The first substrate 110 and the second substrate 120 are members which support other components of the display panel PN and may be insulating substrates. The first substrate 110 and the second substrate 120 may be bonded with the liquid crystal LC therebetween. For example, the first substrate 110 and the second substrate 120 may be formed of glass or resin.
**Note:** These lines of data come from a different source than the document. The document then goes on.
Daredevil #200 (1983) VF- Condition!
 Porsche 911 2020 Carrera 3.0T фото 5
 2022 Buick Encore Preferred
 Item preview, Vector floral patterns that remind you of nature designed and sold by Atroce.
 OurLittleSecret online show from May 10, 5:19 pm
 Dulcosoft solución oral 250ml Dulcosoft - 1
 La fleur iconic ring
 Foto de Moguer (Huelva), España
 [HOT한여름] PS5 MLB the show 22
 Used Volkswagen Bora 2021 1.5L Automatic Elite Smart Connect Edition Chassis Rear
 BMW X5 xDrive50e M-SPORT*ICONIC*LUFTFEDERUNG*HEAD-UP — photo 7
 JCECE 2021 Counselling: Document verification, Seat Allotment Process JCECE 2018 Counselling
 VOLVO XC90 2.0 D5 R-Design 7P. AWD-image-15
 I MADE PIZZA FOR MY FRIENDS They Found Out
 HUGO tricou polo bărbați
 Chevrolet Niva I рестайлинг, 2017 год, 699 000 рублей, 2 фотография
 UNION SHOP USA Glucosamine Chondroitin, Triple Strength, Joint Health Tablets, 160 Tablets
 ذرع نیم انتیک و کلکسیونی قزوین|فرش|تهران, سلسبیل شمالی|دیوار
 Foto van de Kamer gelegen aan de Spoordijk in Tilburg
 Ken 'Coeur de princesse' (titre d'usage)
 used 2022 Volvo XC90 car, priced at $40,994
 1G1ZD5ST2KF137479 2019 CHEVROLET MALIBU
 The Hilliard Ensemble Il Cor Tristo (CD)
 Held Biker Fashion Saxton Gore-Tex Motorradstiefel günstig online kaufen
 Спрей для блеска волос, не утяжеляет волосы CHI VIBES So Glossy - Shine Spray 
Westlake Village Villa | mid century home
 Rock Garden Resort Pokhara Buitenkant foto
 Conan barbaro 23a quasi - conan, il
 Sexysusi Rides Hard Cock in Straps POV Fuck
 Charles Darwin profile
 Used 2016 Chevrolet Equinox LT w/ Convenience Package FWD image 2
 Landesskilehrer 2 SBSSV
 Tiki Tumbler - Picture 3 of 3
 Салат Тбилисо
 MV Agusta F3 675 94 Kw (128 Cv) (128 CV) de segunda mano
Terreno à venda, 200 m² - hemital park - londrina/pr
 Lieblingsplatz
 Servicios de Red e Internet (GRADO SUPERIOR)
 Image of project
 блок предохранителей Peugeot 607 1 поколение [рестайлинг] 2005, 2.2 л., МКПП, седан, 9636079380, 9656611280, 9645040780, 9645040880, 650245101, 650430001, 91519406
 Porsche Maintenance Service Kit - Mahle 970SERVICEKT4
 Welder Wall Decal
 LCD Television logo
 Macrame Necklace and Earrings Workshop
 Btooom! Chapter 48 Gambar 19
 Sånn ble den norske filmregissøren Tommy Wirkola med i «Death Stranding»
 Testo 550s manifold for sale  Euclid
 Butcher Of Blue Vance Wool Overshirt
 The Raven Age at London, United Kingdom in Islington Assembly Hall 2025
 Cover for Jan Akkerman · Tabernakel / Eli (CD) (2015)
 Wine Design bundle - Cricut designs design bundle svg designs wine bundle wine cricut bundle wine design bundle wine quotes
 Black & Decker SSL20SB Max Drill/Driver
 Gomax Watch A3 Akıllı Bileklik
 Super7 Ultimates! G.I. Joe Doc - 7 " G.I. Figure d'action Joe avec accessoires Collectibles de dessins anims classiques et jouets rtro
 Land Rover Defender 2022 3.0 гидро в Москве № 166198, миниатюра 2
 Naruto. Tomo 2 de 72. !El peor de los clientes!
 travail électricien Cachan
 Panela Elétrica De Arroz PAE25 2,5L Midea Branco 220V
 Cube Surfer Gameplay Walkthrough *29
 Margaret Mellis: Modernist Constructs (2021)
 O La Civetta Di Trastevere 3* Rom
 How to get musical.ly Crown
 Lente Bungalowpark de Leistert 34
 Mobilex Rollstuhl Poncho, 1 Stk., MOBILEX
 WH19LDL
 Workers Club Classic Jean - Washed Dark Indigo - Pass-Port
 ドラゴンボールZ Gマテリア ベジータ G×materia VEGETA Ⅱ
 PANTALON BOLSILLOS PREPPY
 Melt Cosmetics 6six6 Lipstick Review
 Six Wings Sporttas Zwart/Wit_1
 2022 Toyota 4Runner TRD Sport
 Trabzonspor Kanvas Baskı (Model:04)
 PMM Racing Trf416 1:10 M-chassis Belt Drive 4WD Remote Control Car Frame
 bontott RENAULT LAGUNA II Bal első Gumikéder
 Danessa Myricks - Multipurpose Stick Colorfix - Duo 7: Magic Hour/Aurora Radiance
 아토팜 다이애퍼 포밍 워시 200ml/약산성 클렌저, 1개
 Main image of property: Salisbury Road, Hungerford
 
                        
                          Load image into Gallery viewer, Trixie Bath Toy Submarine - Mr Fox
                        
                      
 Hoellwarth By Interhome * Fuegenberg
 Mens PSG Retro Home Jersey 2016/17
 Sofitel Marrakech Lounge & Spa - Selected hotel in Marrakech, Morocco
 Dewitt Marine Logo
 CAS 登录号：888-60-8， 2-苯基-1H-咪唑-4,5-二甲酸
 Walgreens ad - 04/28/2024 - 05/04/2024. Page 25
As shown in FIGS. 2 and 4, the liquid crystal is disposed between the first substrate 110 and the second substrate 120. A plurality of liquid crystal molecules which forms the liquid crystal LC may be disposed in various ways depending on the driving method and rotates by an electric field between a pixel electrode PE and a common electrode CE to adjust a light transmittance. For example, according to the in-plane switching (IPS) method, a plurality of liquid crystal molecules is disposed to be horizontal to one surface of the first substrate 110 and the second substrate 120 and rotates by an electric field between the pixel electrode PE and the common electrode CE. The light transmittance varies according to a rotation angle of the liquid crystal molecules and various images are displayed using this. For example, when the liquid crystals LC is disposed at a specific angle, light from the backlight unit BLU and the first polarizer POL1 is blocked by the liquid crystal LC to display a black image. The liquid crystal LC rotates at various angles in response to an electric field between the pixel electrode PE and the common electrode CE to allow light from the backlight unit BLU and the first polarizer POL1 to travel toward the top of the display panel PN and display a white image.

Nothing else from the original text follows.